Let me cite an example. On March 24th, 2009 House Financial Services Committee Chairman Rep. Barney Frank’s committee passed a bill giving Treasury Secretary Timothy Geithner extensive control over the salaries of employees working at companies receiving bailout funds. This bill goes well beyond the removal of Richard Wagoner as President of General Motors. The “Pay for Performance Act of 2009” would impose government control on the salary of all employees -- not just senior executives -- of every company receiving a capital investment from the government.

Presumably the legislation is designed to prohibit “excessive compensation” -- a somewhat obscure standard to say the least, but one to be adjudicated by Mr. Geithner. This legislation will soon be coming before the full House of Representatives for a vote at a time when the populist tocsin of anti-elitism is in the air we breathe.

Yet it is interesting that Article One, Section Eight of the Constitution -- which enumerates the powers of Congress -- does not mention the power to determine salaries in the private sector, nor does it mention bailouts and the extra-Constitutional authority these bailouts confer. It is remarkable that the Democratic-led Congress and the Obama administration consider it appropriate to assume such power and equally remarkable that no one, to my knowledge, has pointed out the unconstitutional nature of this decision.

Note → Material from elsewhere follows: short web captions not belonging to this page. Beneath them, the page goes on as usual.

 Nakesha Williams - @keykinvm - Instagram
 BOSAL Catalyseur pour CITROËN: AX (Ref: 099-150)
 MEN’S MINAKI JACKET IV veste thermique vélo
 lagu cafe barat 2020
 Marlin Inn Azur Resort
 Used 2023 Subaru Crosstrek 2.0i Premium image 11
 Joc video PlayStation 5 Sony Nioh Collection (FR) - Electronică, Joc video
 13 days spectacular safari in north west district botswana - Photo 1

This, of course, is not the only example. The Obama administration, through TARP allocations, permitted bonuses at AIG in those divisions that generated a profit. In fact, contracts were signed to this effect. However, when the story leaked that $150 million would be allocated to AIG executives in the company that had received billions in bailout funds, an outcry arose from the public so shrill the White House was obliged to respond.

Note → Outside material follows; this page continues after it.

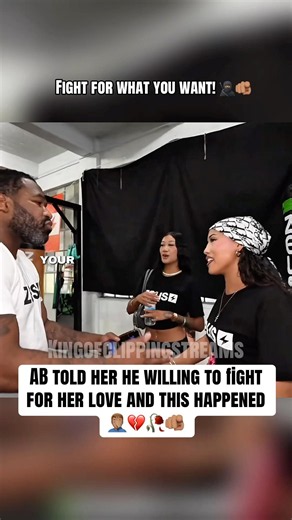 AB wanted Christian mingle bad! #adrienbroner #deenthegreat #fyp #irl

Rather than note that our Constitution prohibits ex post facto laws and bills of attainder (the so-called “bonus tax” being one of the latter) and that the bonuses were given with forethought from the administration, Obama joined the chorus of angry citizens and demanded a return of the money. Surely this president, who has taught Constitutional Law at the University of Chicago, must know that such bills of attainder provisions are illegal. If our Constitution means anything, contracts that are conducted legally and in good faith require an obligation by both parties to meet the terms of the agreement. The Fifth Amendment states clearly that “No person shall…be deprived of life, liberty or property with the due process of law, nor shall private property be taken for public use without just compensation.”

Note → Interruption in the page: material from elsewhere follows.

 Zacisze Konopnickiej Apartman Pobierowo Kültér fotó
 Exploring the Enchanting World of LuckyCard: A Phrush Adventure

Yet here is America in Constitutional denial as the Obama administration marches blithely into a Brave New World of expansive government control over the private sector. Whether socialism has come to this land of the free or whether this is an invasion of European leveling is too early to say. But it is already clear that the change Mr. Obama discussed during the course of his presidential campaign is here, and it is transformative.

Moreover, despite the claim that this is a temporary shift of priorities in order to ameliorate the meltdown in the credit markets, it is instructive to recall Milton Friedman’s admonition that there is nothing more permanent than a temporary government decision. My great grandchildren will be dealing with the changes initiated today a century from now. And even though I hope my prediction is wrong, these actions taken in haste by the President and the Congress are altering the foundational principles of our nation into the indefinite future. No wonder I see tears flowing down the cheeks of the Statue of Liberty. She doesn’t recognize her country.